__EXERCISE DIRECTIONS__:
Take the line that holds "Adidas Sudadera con" and every line after it to the end of the entries, and repeat them exactly without the pictures.

__SUPPLIED RECORDS__:
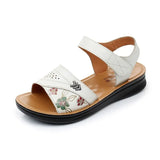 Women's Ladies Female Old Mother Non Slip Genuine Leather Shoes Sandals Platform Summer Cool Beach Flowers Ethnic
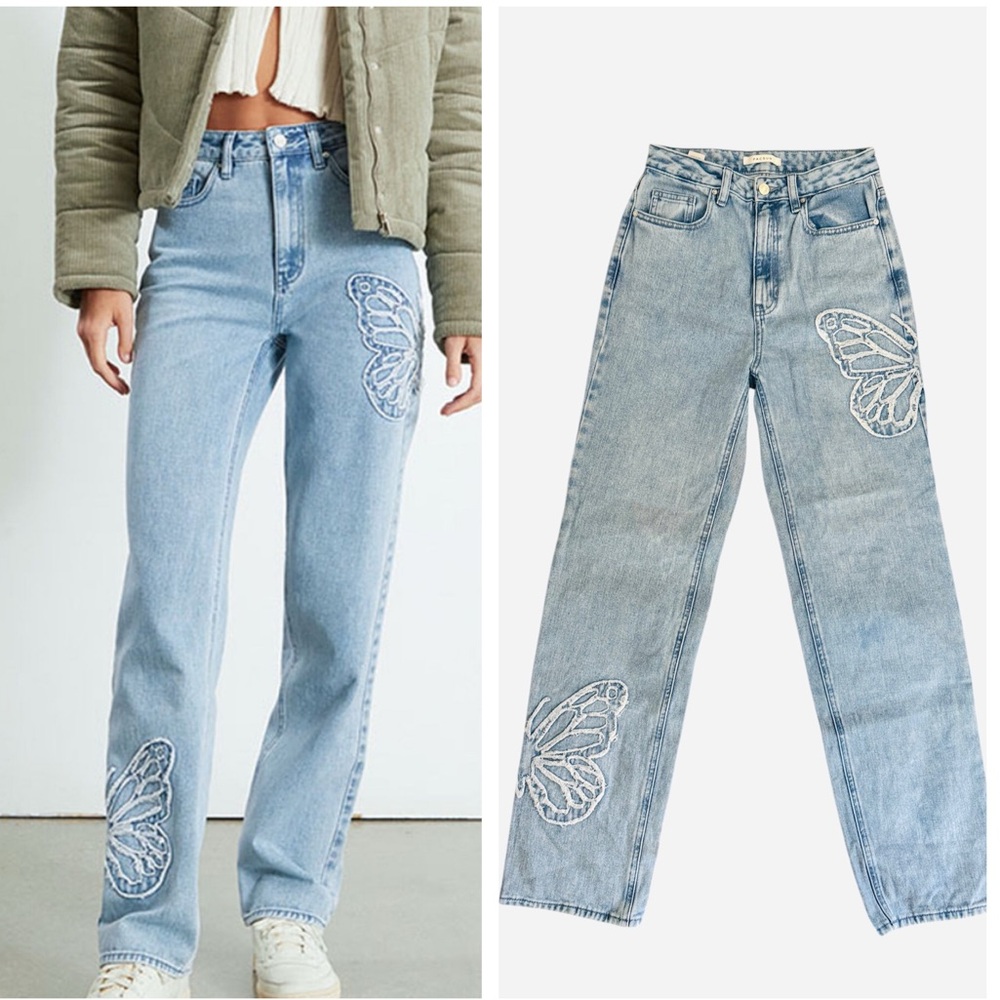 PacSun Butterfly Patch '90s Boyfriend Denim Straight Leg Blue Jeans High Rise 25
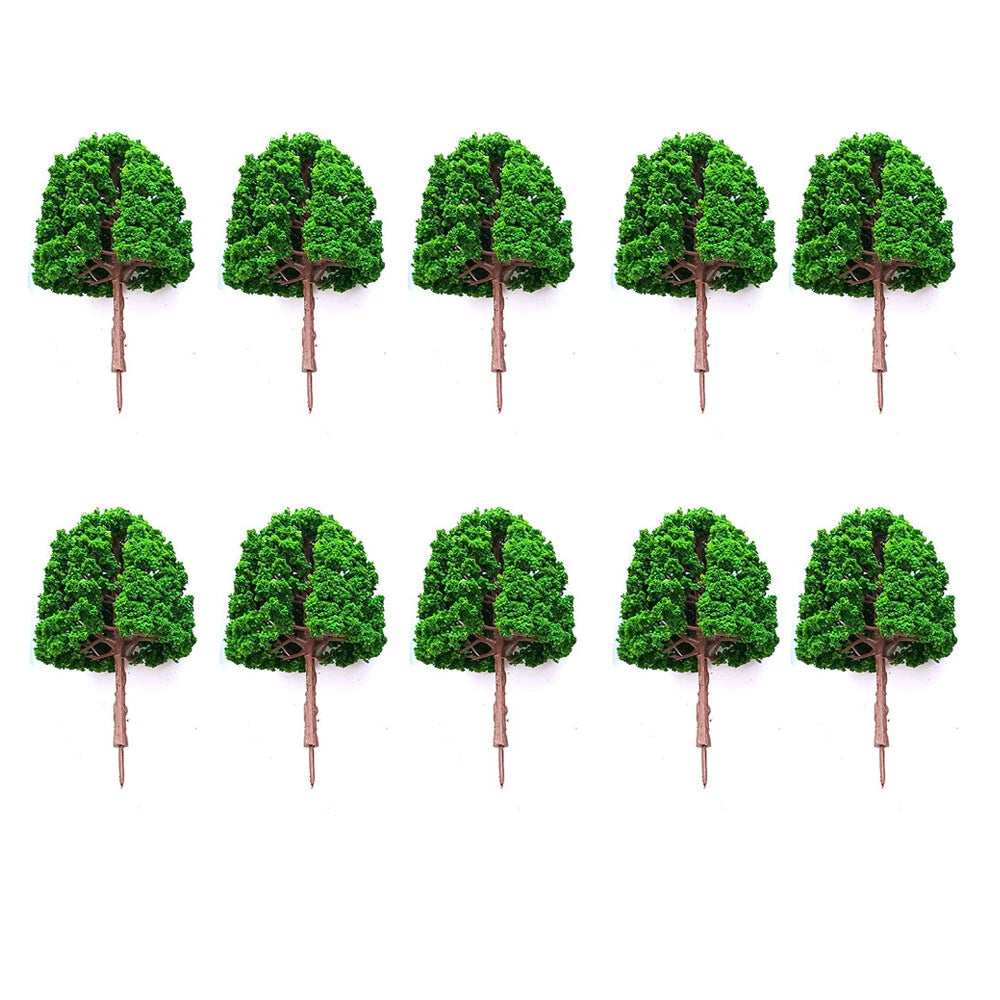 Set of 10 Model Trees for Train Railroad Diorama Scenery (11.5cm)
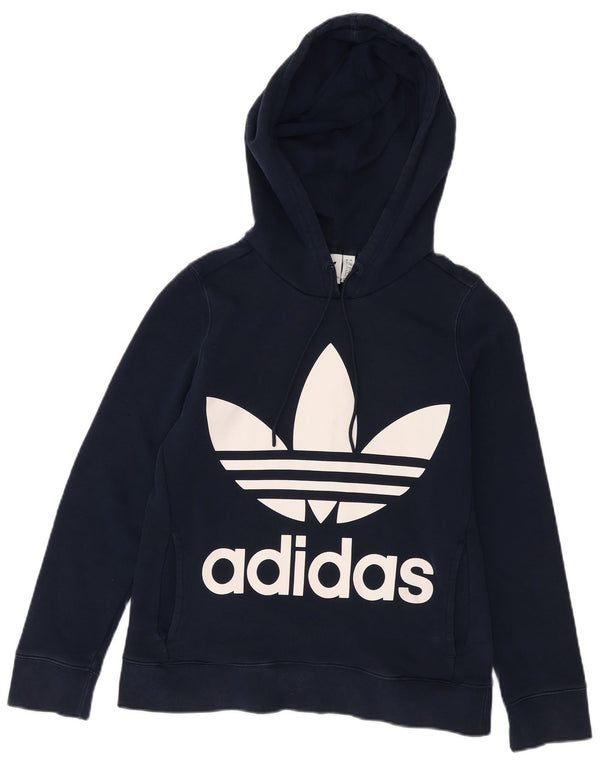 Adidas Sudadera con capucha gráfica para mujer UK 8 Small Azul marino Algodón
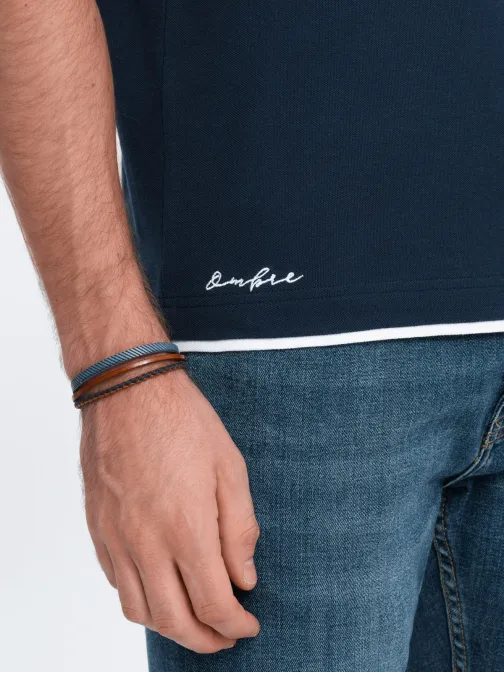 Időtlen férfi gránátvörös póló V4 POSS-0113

__YOUR RESPONSE__:
 Adidas Sudadera con capucha gráfica para mujer UK 8 Small Azul marino Algodón
 Időtlen férfi gránátvörös póló V4 POSS-0113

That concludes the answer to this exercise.